Oliver Braddick gained his BA and PhD from Cambridge University, followed by a postdoctoral fellowship at Brown University, USA. He was a Lecturer and Reader in Experimental Psychology at Cambridge 1969-1993, followed by a chair at UCL 1993-2001 and Head of the Psychology Department 1998-2001. From 2001 he was Professor and Head of Department of Experimental Psychology at Oxford University and a Fellow of Magdalen College, where he was an Emeritus Professor, with visiting appointments at UCL and University of California San Diego. He was Editor-in-Chief of the Oxford Research Encyclopedia of Psychology. His research was on the mechanisms of visual perception and their development in infancy and childhood, particularly spatial and motion vision. He is well known for proposing a specific mechanism for short-range visual motion (1974).
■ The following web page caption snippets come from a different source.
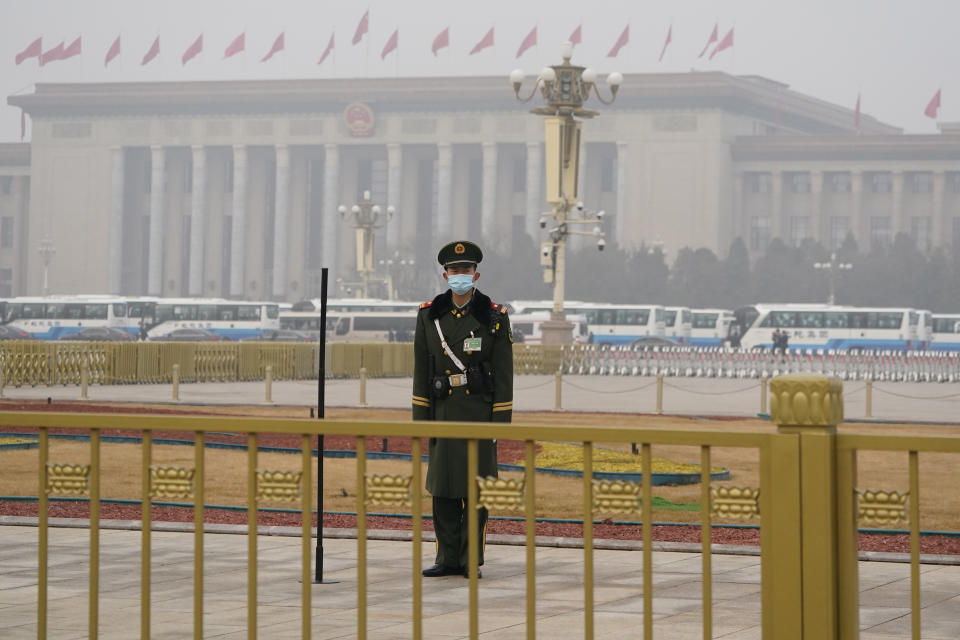 A Chinese paramilitary policeman stands watch near the Great Hall of the People where the annual National People's Congress is held in Beijing on Friday, March 5, 2021. The ruling Communist Party is aiming for economic growth "over 6%" as it rebounds from the coronavirus pandemic, Premier Li Keqiang said in a speech at China's ceremonial legislature Friday. (AP Photo/Ng Han Guan)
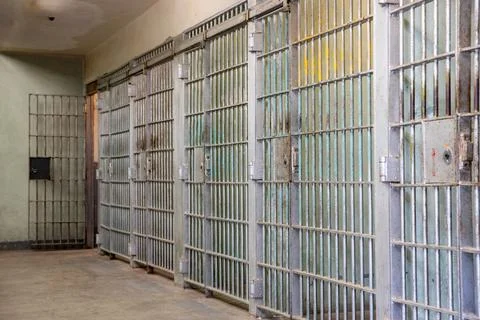 A row of prison cells with bars on the windows Stock Photos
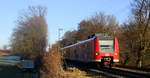 Die Rhein Niers Bahn (RB33) kommt aus Duisburg-Hbf nach Aachen-Hbf und kommt aus Richtung Mönchengladbach-Hbf,Rheydt-Hbf,Wickrath,Beckrath,Herrath,Erkelenz und fährt durch Baal in Richtung Hückelhoven-Baal,Brachelen,Lindern,Süggerrath,Geilenkirchen,Frelenberg,Zweibrüggen,Übach-Palenberg,Rimburg,Finkenrath,Hofstadt,Herzogenrath, Kohlscheid,Richterich,Laurensberg,Aachen-West,Aachen-Schanz,Aachen-Hbf. 
Aufgenommen von einem Weg Zwischen Erkelenz und Hückelhoven-Baal.
Bei Sonnenschein am Kalten  Mittag vom 29.12.2016.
In 1976 he established the Visual Development Unit with Janette Atkinson, initially in Cambridge and subsequently in UCL and Oxford. The Unit pioneered work on contrast sensitivity, binocularity, orientation, and motion processing in infancy, on refractive screening of infants, and on dorsal stream vulnerability as a feature of extra-striate visual processing in developmental disorders. He was a Fellow of the Academy of Medical Sciences and the Academia Europaea.

Last post

Emeritus Professor of Experimental Psychology, University of Oxford

Publications

Development of human visual function Vision Research, 51, 1588-1609 2011

Normal and anomalous development of visual motion processing: motion coherence and ‘dorsal stream vulnerability’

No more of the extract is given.